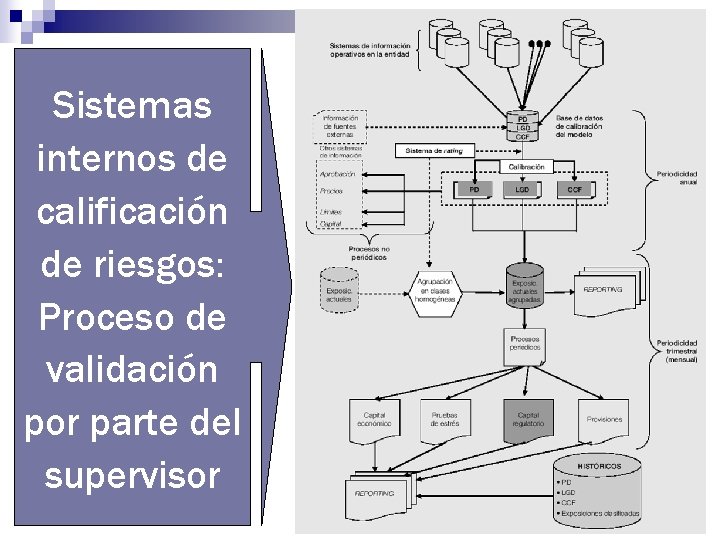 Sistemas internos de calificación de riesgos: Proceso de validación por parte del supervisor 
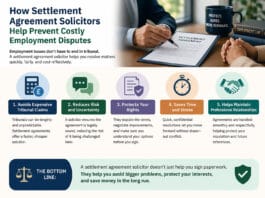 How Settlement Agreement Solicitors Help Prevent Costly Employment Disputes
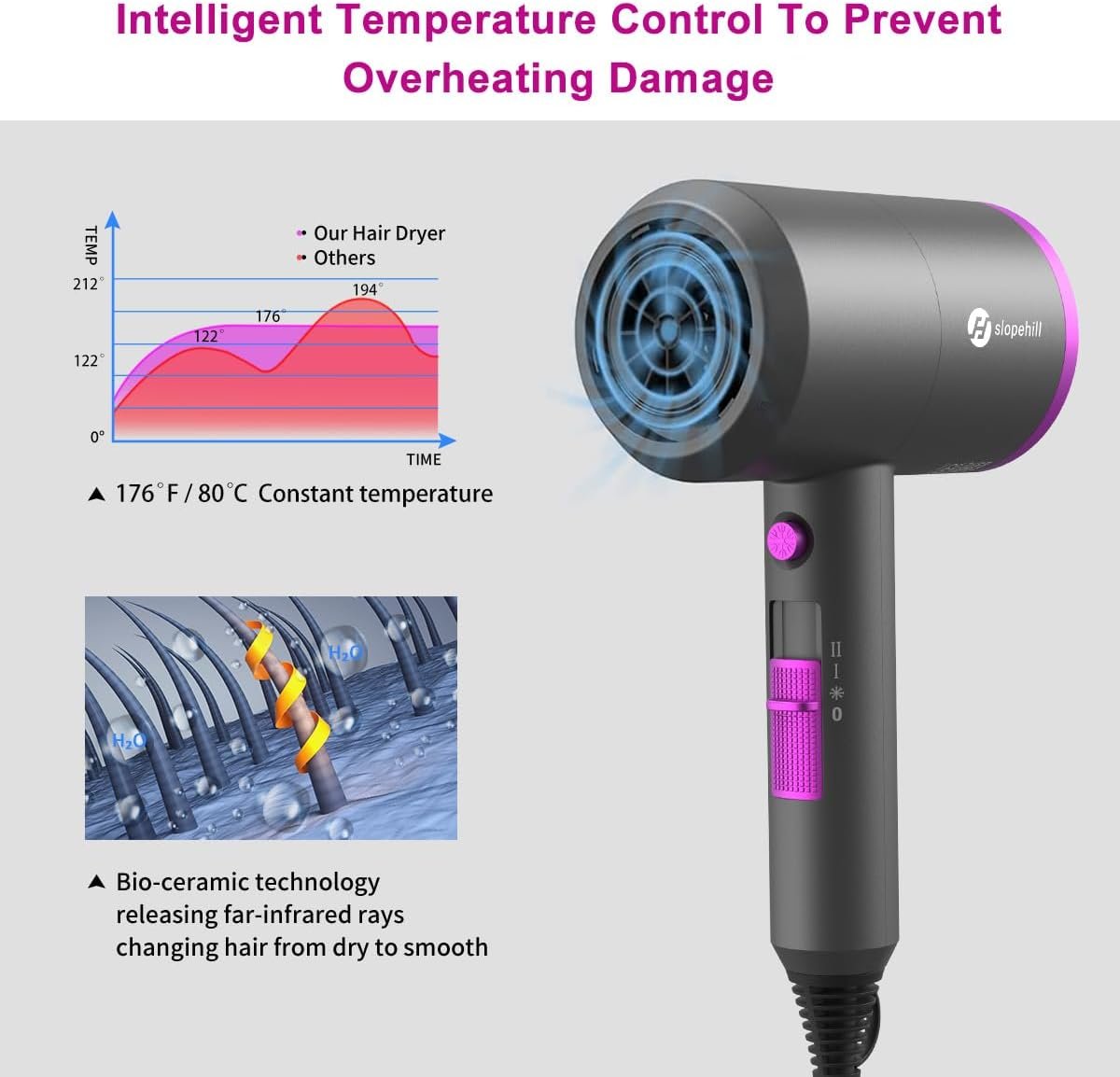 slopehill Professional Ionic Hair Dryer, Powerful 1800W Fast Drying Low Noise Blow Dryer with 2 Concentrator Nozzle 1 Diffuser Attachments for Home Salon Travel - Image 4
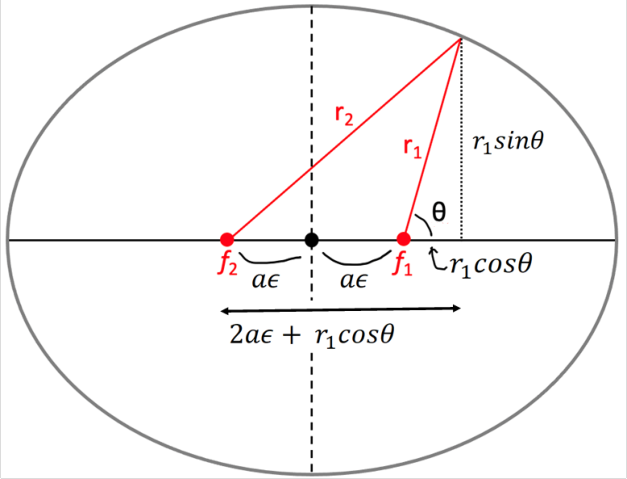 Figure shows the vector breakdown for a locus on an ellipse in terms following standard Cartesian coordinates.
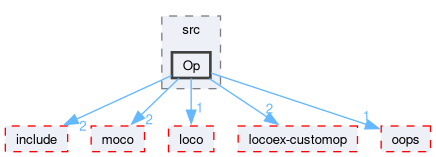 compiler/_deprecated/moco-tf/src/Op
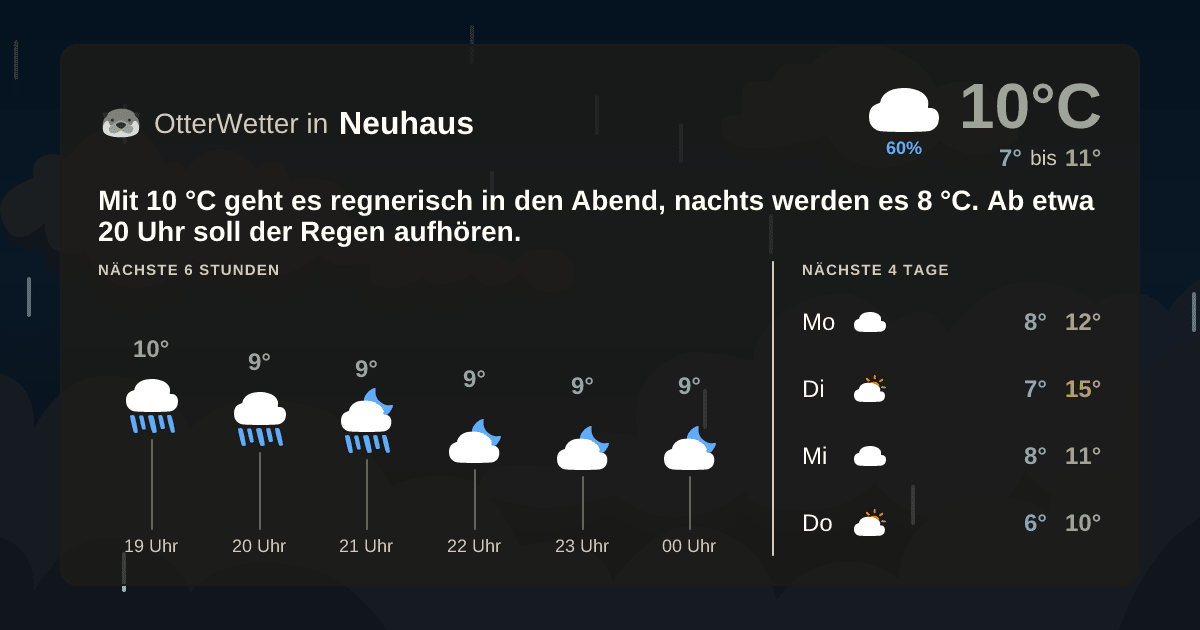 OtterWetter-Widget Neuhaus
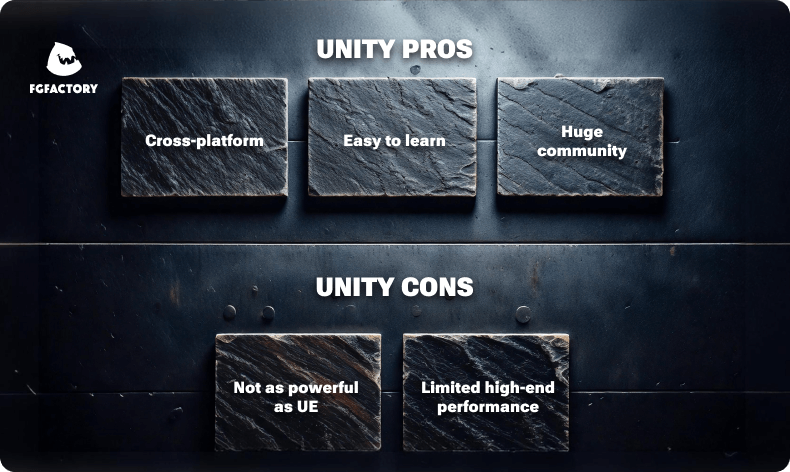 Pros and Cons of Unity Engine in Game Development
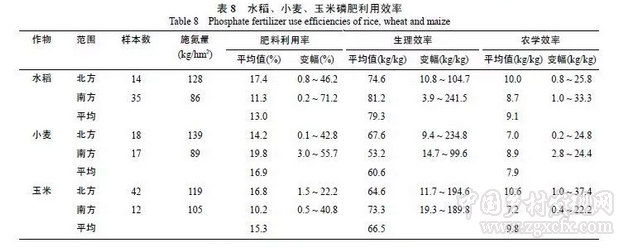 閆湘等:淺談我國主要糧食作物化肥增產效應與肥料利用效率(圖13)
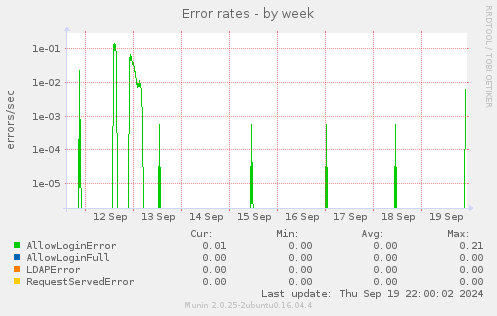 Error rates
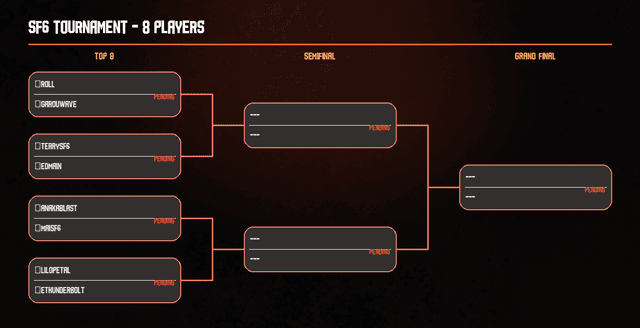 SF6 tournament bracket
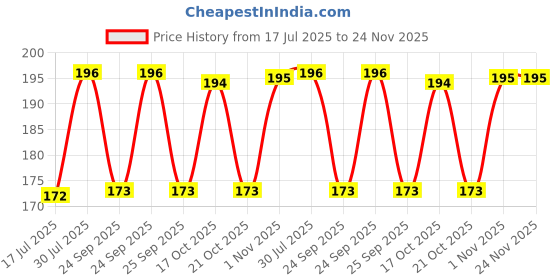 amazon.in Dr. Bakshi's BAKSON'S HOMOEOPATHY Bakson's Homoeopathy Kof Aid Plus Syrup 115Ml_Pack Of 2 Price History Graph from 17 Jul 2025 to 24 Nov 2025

WORK REQUEST:
Begin at the line containing "How Settlement Agreement" and copy every line through the end of the data above exactly, omitting the pictures.

SOLUTION FOR THIS TASK:
 How Settlement Agreement Solicitors Help Prevent Costly Employment Disputes
 slopehill Professional Ionic Hair Dryer, Powerful 1800W Fast Drying Low Noise Blow Dryer with 2 Concentrator Nozzle 1 Diffuser Attachments for Home Salon Travel - Image 4
 Figure shows the vector breakdown for a locus on an ellipse in terms following standard Cartesian coordinates.
 compiler/_deprecated/moco-tf/src/Op
 OtterWetter-Widget Neuhaus
 Pros and Cons of Unity Engine in Game Development
 閆湘等:淺談我國主要糧食作物化肥增產效應與肥料利用效率(圖13)
 Error rates
 SF6 tournament bracket
 amazon.in Dr. Bakshi's BAKSON'S HOMOEOPATHY Bakson's Homoeopathy Kof Aid Plus Syrup 115Ml_Pack Of 2 Price History Graph from 17 Jul 2025 to 24 Nov 2025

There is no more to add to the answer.